THE PROBLEM: Transcribe the whole listing without a single picture.

----- DATASET CONTENT

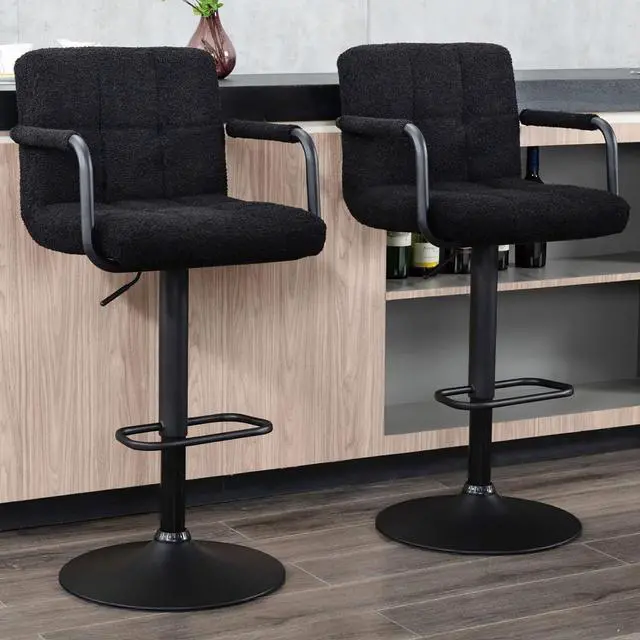 Alt view image 2 of 7 - Furnimart 30" Artificial Sherpa Upholstered Bar Stool, Adjustable Counter Stools Bar Chairs Modern Design Swivel Barstools Hydraulic Stools for Kitchen and Dining Room Set of 2 (FauxFur-Black)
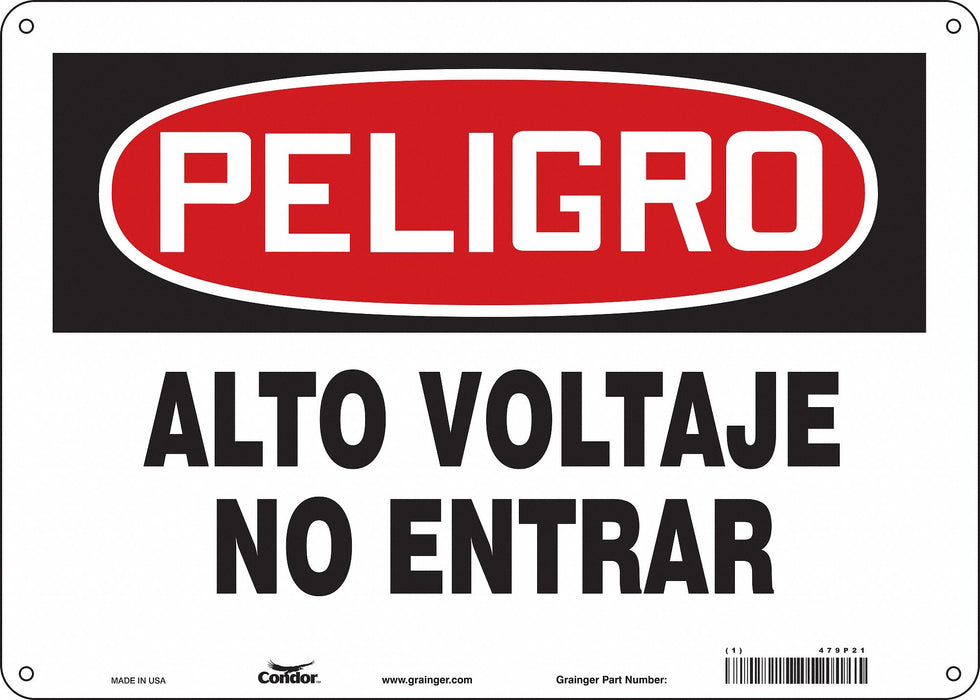 Safety Sign 10 in x 14 in Polyethylene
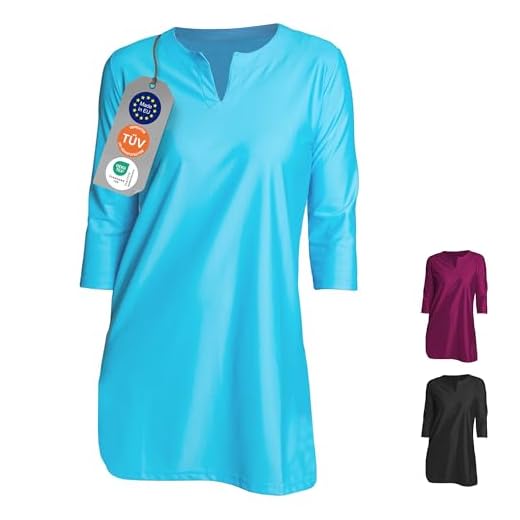 iQ-UV Damen Strandkleid Tunika, Turquoise, L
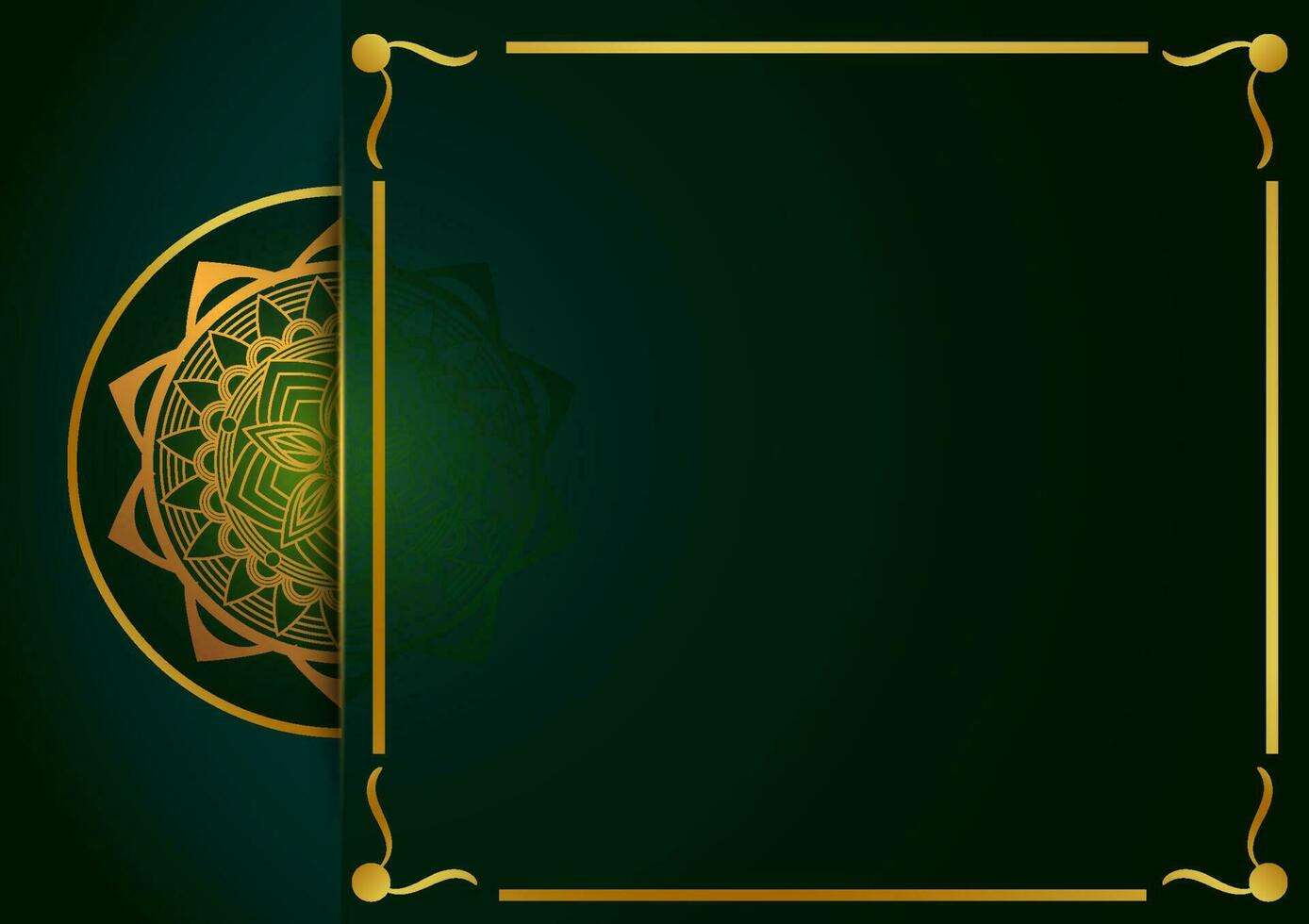 arte de la geometría india tradicional. fondo gráfico de mandala de lujo. oro, verde oscuro, negro ornamental en transparencia de sombra. patrón decorativo estilo este. ilustración vectorial con espacio de copia. vector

----------

SOLUTION:
 Alt view image 2 of 7 - Furnimart 30" Artificial Sherpa Upholstered Bar Stool, Adjustable Counter Stools Bar Chairs Modern Design Swivel Barstools Hydraulic Stools for Kitchen and Dining Room Set of 2 (FauxFur-Black)
 Safety Sign 10 in x 14 in Polyethylene
 iQ-UV Damen Strandkleid Tunika, Turquoise, L
 arte de la geometría india tradicional. fondo gráfico de mandala de lujo. oro, verde oscuro, negro ornamental en transparencia de sombra. patrón decorativo estilo este. ilustración vectorial con espacio de copia. vector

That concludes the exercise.